Two Florida state convicts, both sentenced to life for separate shooting deaths, were released from prison based on falsified documents as part of an elaborate escape plan.
A vigorous manhunt has been initiated for 34-year-old Joseph Jenkins and 34-year-old Charles Walker, after authorities were notified of the paperwork snafu that allowed for their release, CNN News reported.
“These two individuals are out. They shouldn’t be, and we want to get them back in custody,” Orange County Sheriff’s Office spokesman Angelo Nieves told reporters. “This shouldn’t have happened, but it did, and our concern is to get these individuals back into custody”

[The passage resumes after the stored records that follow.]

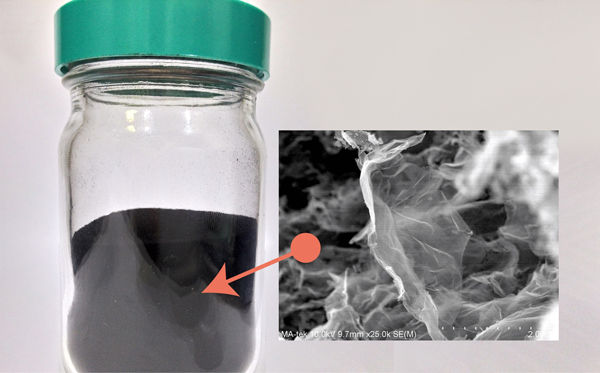 Taiwan's new graphene composite materials can improve LED products lifespan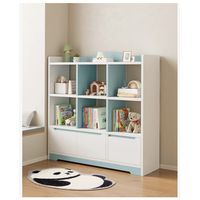 Organizador Niño Multiuso Living Escritorio Libros 100x118x24 con 3tira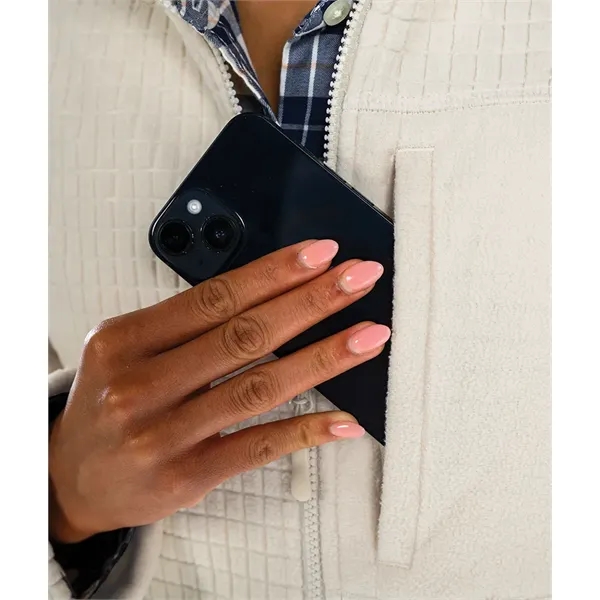 Our Women's Terrain Textured Fleece Jacket is a  wind and... from ASI 44620 Charles River Apparel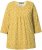 Ulla Popken Graphic Print Pleated 3/4 Sleeve Tee Mocha Brown - Tričká - 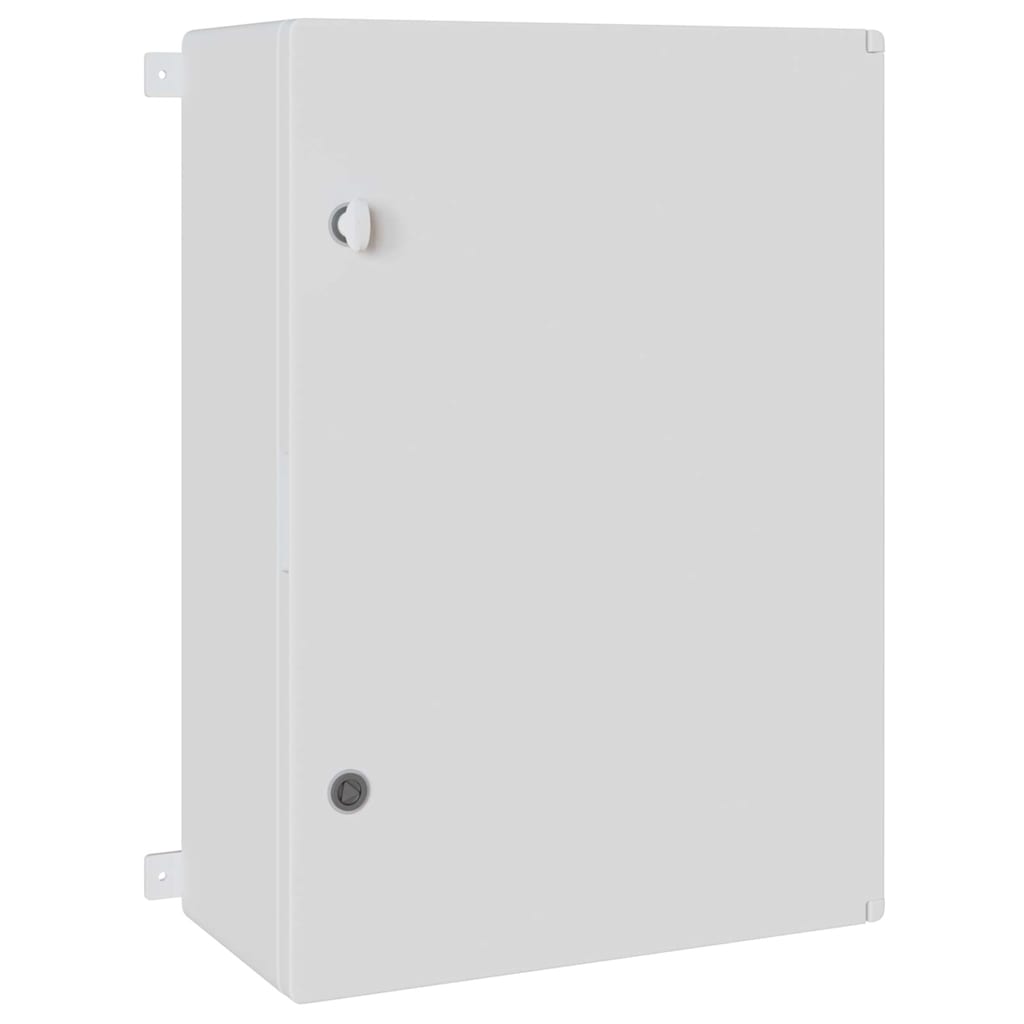 Control Cabinet Grey 57 x 24.5 x 70 cm ABS Plastic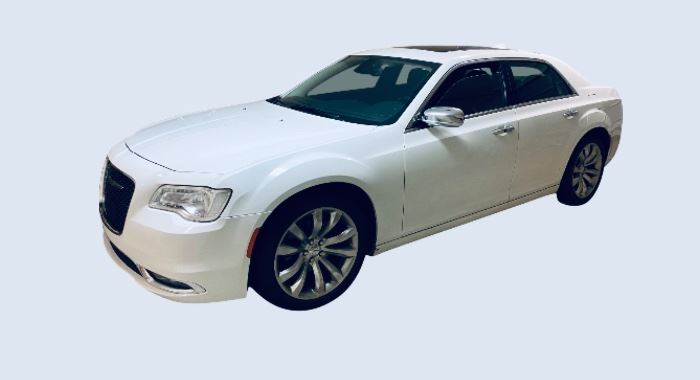 For sale: 2018 Chrysler 300 Limited w/ only 20k miles.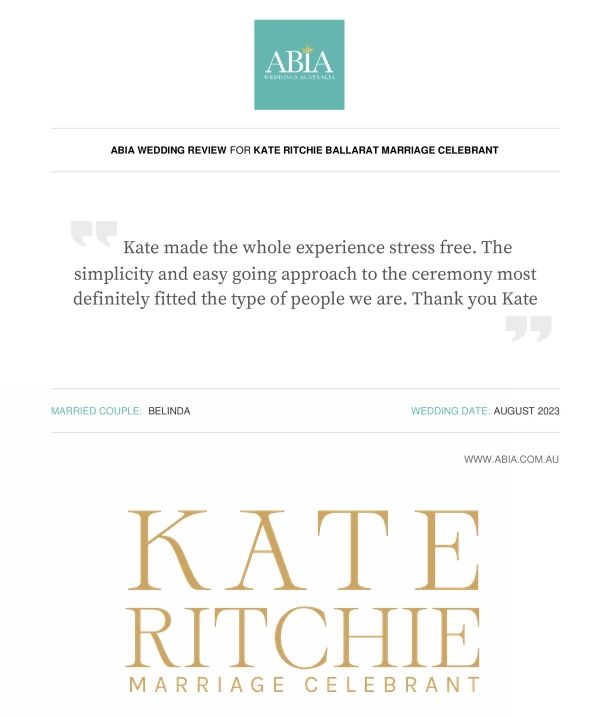 Ballarat Marriage Registry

To ensure that no other releases were based on fraudulent paperwork, a “vigorous and thorough review” will be conducted, Department of Corrections Secretary Michael Crews said.
Both sets of paperwork bore the signature of Judge Belvin Perry, who told CNN that he wasn’t surprised by the unfortunate mishap.
“People, particularly people with criminal minds, come up with ingenious ways to beat the system,” Perry said. “They have nothing but time on their hands to think of things.”
Jenkins was sentenced to life for a 1998 shooting death of a father of six, and was illegitimately released on September 27. Walker was also sentenced to life in prison for a separate 1999 shooting death of a 23-year-old man, and was illegitimately release on October 8. It is unclear if the two men knew each other.
Both sets of release paperwork appeared completely real, even bearing the signature of Judge Perry on official Ninth Judicial Circuit letterhead.
“Everything came the way it normally comes,” Florida Department of Corrections spokeswoman Misty Cash told local media. “Our department followed every protocol and did everything we are supposed to do.”
This isn’t the first time a hardened criminal was set free based on forged documents. Another inmate, Jeffrey Forbes, who was sentenced to life for the attempted murder of a law enforcement officer, is currently being prosecuted for a similar type of forgery after the detective who helped put the man behind bars discovered he was set to be released.
“It is now clear that the use of forged court documents to obtain release from prison is an ongoing threat with all law enforcement, prosecutors, judges, court clerks and prison officials must address and stop,” Ninth Circuit State Attorney Jeffrey L. Ashton said in a statement.
Orange County Sheriff’s Capt. Angelo Nieves offered the two criminals a bit of advice, saying, “They committed violent crimes. The best thing for them to do is to turn themselves in.”